WORKING DATA>
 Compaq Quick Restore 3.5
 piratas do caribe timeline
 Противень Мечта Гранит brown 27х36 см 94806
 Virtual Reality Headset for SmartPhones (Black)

* * *

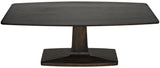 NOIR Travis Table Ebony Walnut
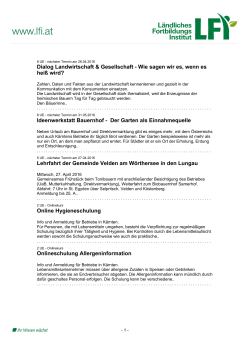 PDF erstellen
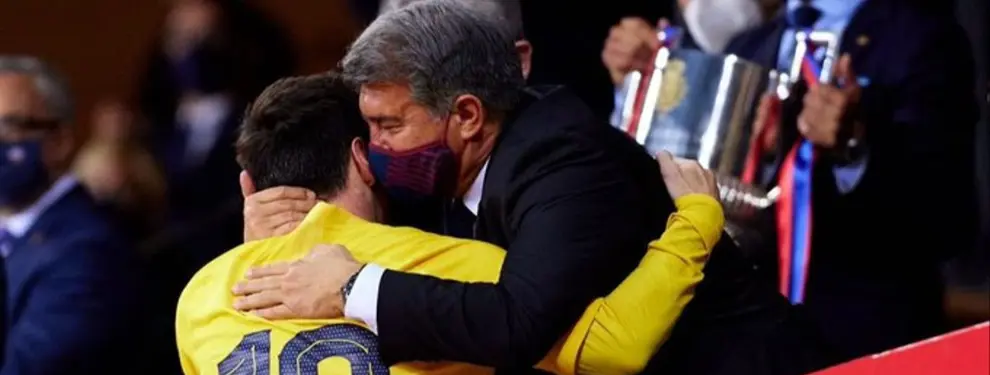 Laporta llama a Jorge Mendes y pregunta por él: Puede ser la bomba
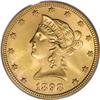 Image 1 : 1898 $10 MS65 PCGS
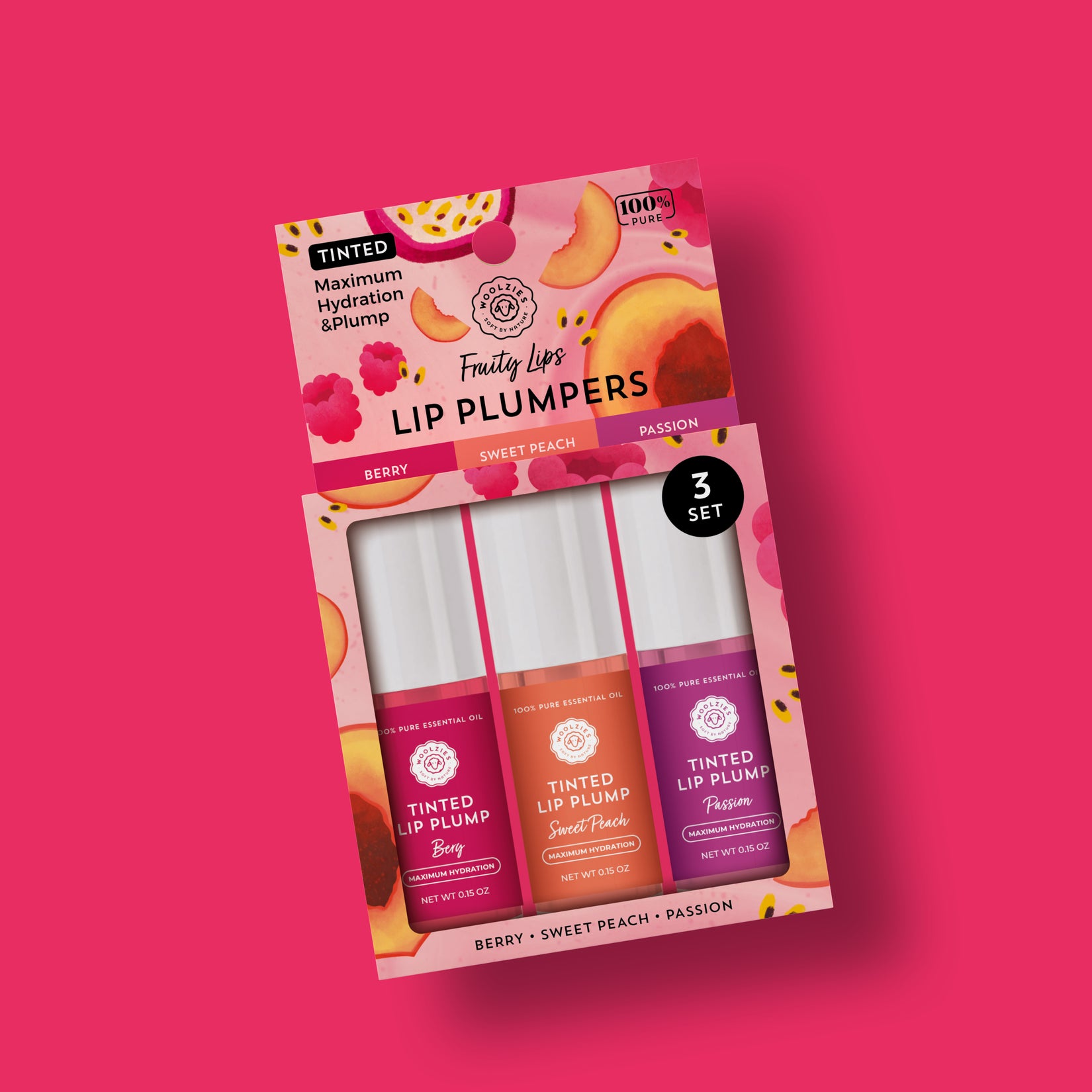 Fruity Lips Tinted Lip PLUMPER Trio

AIM OF THE TASK> In the data above, start at the line holding "Image 1 : 1898 $10 MS65 PCGS" and stop after the line holding "Fruity Lips Tinted Lip PLUMPER Trio"; write out those lines exactly, without pictures.

ANSWER SECTION>
 Image 1 : 1898 $10 MS65 PCGS
 Fruity Lips Tinted Lip PLUMPER Trio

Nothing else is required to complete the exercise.